Matt and I are in the middle of leading Financial Peace at our church, a class by Dave Ramsey about finances, money, budgeting, and other really cool nerdy stuff (yep, there’s plenty of chances to make lists and charts. For those 90 minutes every week I’M IN HEAVEN). Every week Matt and I sit next to each other with several other couples and watch the lessons on DVD and listen to Dave talk, which is always entertaining as well as educational.
This last week Dave told a story about a friend of his, a man at his church (I’m pretty sure he was talking about himself) who sat down in church next to his wife when they noticed a women crying before the service. The wife went over and asked if everything was ok. The women explained that she was a single mom and just was struggling about what to do- her electricity was about to be cut off on Tuesday and she had run out of options and ideas on what to do to provide for her kids. The man and his wife asked if they could pray for her, and took down her name and address so they could follow up and make sure she was ok. The next day, Dave said, the man went down to the electric company and paid her electric bill for the next year. That woman had no idea who paid it, and her prayers were definitely answered.

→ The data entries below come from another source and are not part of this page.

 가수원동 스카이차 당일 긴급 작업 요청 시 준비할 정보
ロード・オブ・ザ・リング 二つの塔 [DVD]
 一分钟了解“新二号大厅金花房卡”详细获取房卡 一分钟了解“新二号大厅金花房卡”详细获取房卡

Dave wraps up the lesson by pointing out that you can’t pay someone else’s bill when you’re worried about paying your own, and when you see money as a ministry your priorities change.

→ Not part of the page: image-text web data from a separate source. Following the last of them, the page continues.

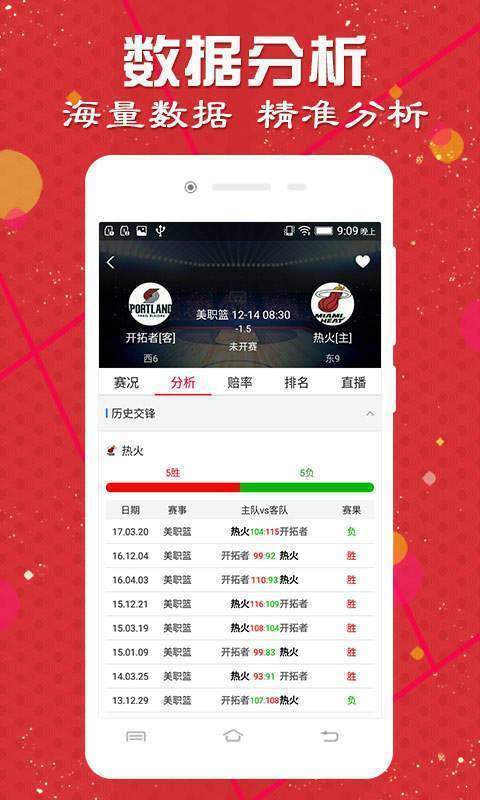 澳門諸葛亮最快開獎網(wǎng)站——體驗極速開獎的便捷與樂趣，澳門諸葛亮開獎網(wǎng)站，極速體驗開獎便捷與樂趣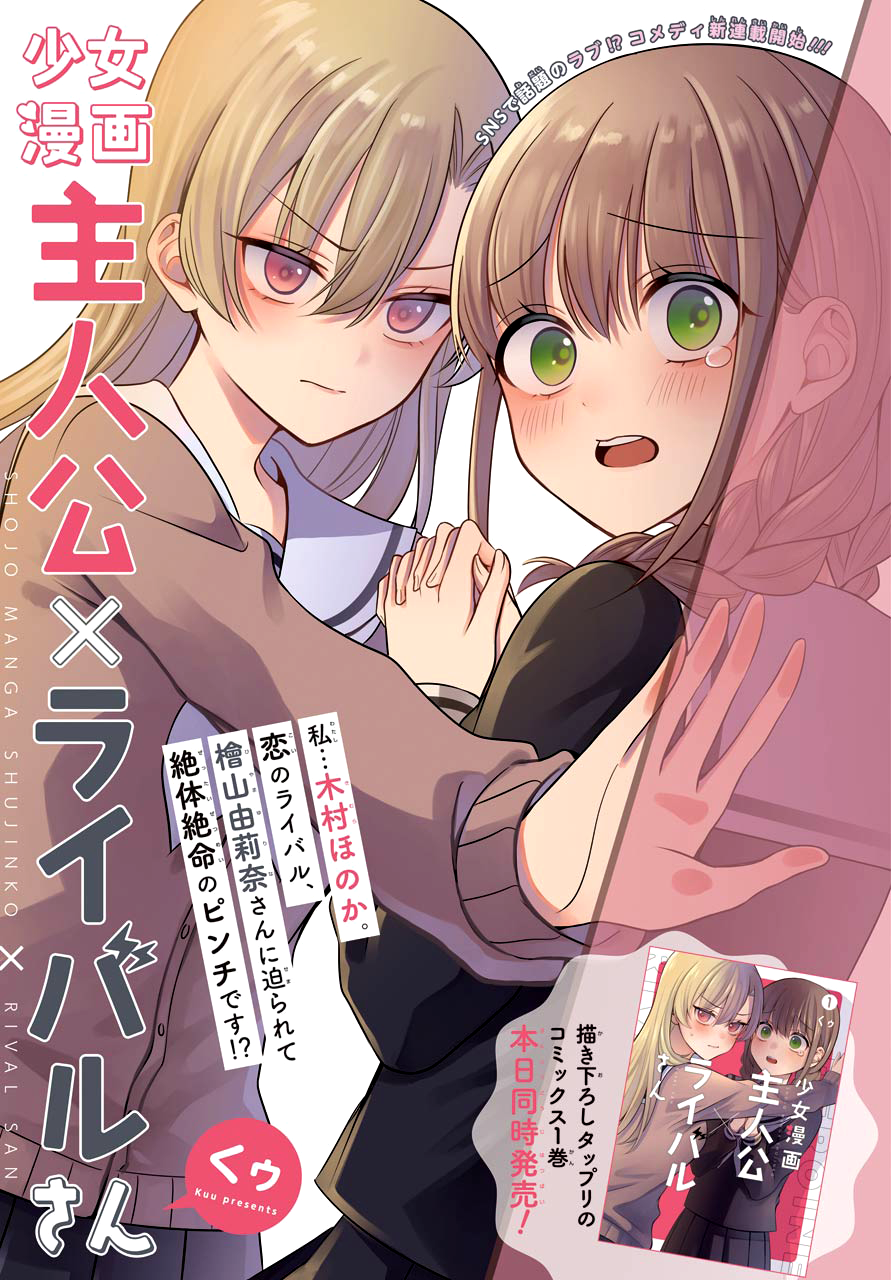 Girl Manga: Protag x Rival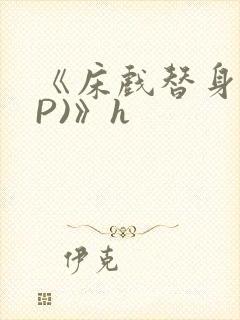 《床戏替身(NP)》h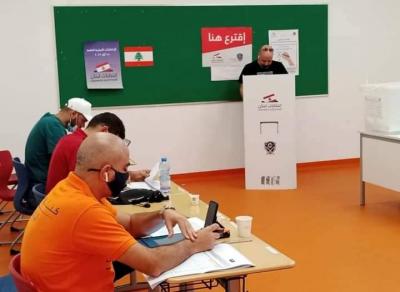جواب رهن يوم الأحد الكبير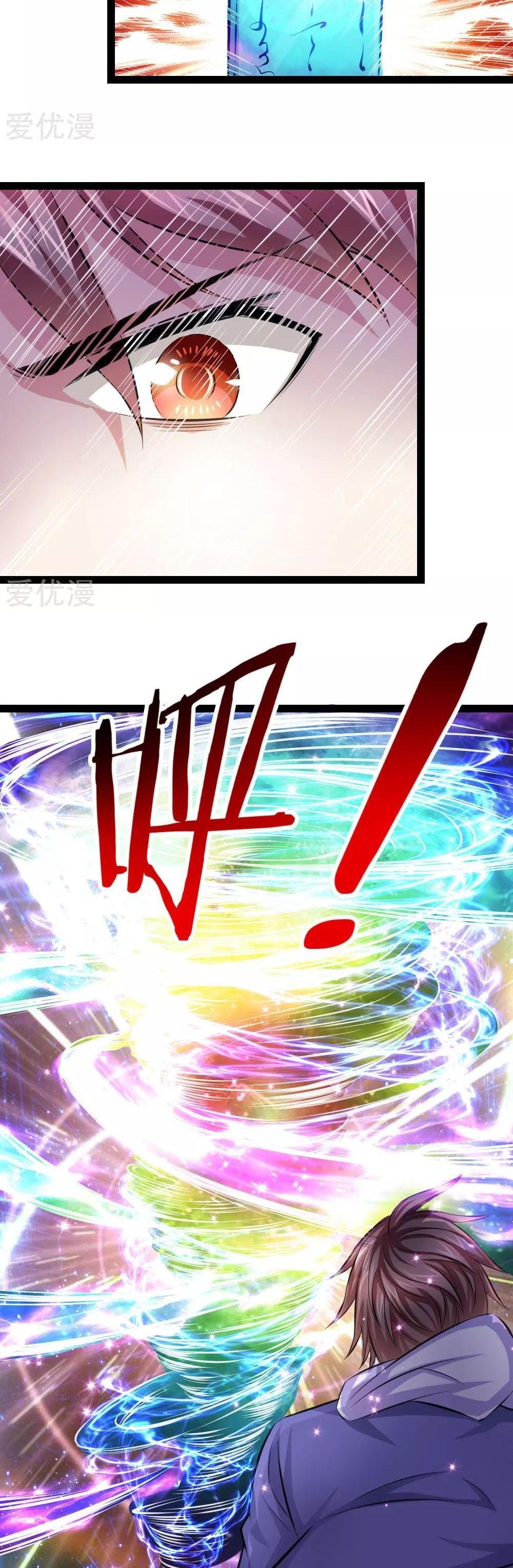 The Master of Knife Chapter 104 Gambar 7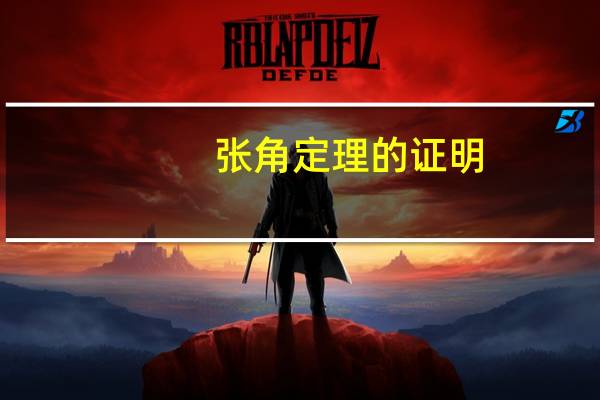 张角定理的证明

That hit Matt and I hard, and we’ve seen these DVDs and taken the class several times by now. This past week we put it into action. We bought a homeless father a meal on Father’s Day and talked to him about his kids in the middle of the parking lot. I bought coffee for the person behind me in line at Starbucks, and gave away things we had bought but didn’t really need. It was little, tiny baby steps, but this past week has honestly been the best week of my life.
Others, people, relationships, loving- that is the most important thing our life. Matt and I are in the middle of adjusting and talking and dreaming together about how to do more like this, how to live out every day by loving others, by using everything we have been assigned to provide and use as a ministry for others. We have some goals and ideas, and I’m excited to see how God is going to use us and continue to actively seek every day to find opportunities to love others. We all have so many resources and opportunities- our finances, our jobs, our free time, our skills, etc. In every area there is opportunity to love.
“Why is now the best time to express love? Because you don’t know how long you will have the opportunity. Circumstances change. People die. Children grow up. You have no guarantee of tomorrow. If you want to express love, you had better do it now.
Knowing that one day you will stand before God, here are some questions you need to consider: How will you explain those times when projects or things were more important to you than people? Who do you need to start spending more time with? What do you need to cut out of your schedule to make that possible? What sacrifices do you need to make?
The best use of life is love. The best expression of love is time. The best time to love is now.”
-Rick Warren, the Purpose Driven Life
My children, our love should not be just words and talk; it must be true love, which shows itself in action.